Three months after marriage, we learned that he was accepted into a rigorous medical program out of state. So we left our large of group of friends and family and moved to a town barren of people our age and things to do (yes, I live in the boonies). We moved into a house on 100 acres which is peaceful but quite isolated. Knowing that school would have to be his #1 priority, I had nothing else to concentrate on except for my career (Social work/psych field) which eventually began taking its toll. The first year was tough, we rarely spent quality time together and when we tried he was always irritable. I was so lonely and missed all of the social interaction that we had in our hometown. I never met many new people that would become our friends. The only social outlet that I had was work. 

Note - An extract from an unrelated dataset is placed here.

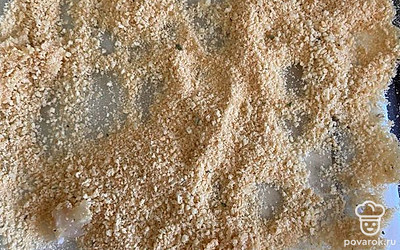 Выложите на тарелку панировочные сухари.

There have been several major pivotal breaking points in this marriage but I will only cover two because they will give you enough of a glimpse as to what this marriage has been like. 
One day, he began talking about a girl that had just entered his program who had just moved here and didn’t know anyone. So I began inviting her over for dinners and there was just something about her that I couldn’t pinpoint but I knew I couldn’t trust her. Women’s intuition can be quite powerful. But we didn’t have friends like mentioned before so I thought I’d give this a try anyway. Long story short, she was highly promiscuous and would flirt with him directly in front of me. It just so happens that we know her neighbors and one day the neighbor called me and said, “I just want you to know that I’ve seen his car over at her house almost every day and I thought you should know.” When I confronted him, he was very defensive, saying they were friends and he can do what he wants. I told him that she is welcome to hang out with us when we are together but I didn’t feel comfortable with them spending time alone. He yelled and screamed and told me how insecure I was. The next week, I went to a wedding out of town (alone). I called him and he wouldn’t answer. I knew where he was. He said nothing happened. I don’t believe it to this day. Then about 7 months ago he hit me. I felt so violated and disrespected. My attraction towards him began to diminish while my anger and resentment began to rise. After threatening divorce, he finally went to counseling. I told him that If he didn’t stay committed to working on his anger with a counselor that I would leave. He only went to three sessions (which began 2 months ago). 

About 6 months ago, my husband made a friend with whom I will call John. The first time I met him, I thought that he was slightly attractive but never thought anymore about it until later. He fit in with us perfectly and my husband and I became friends with him instantly. He was very personable, caring, genuine, sincere and fun to hang out with. He began coming to our farm every weekend (fri-sun) and spending the night. He was such a joy to have around for both my husband and I because not only did we have a social outlet but he distracted us from our turmoil. 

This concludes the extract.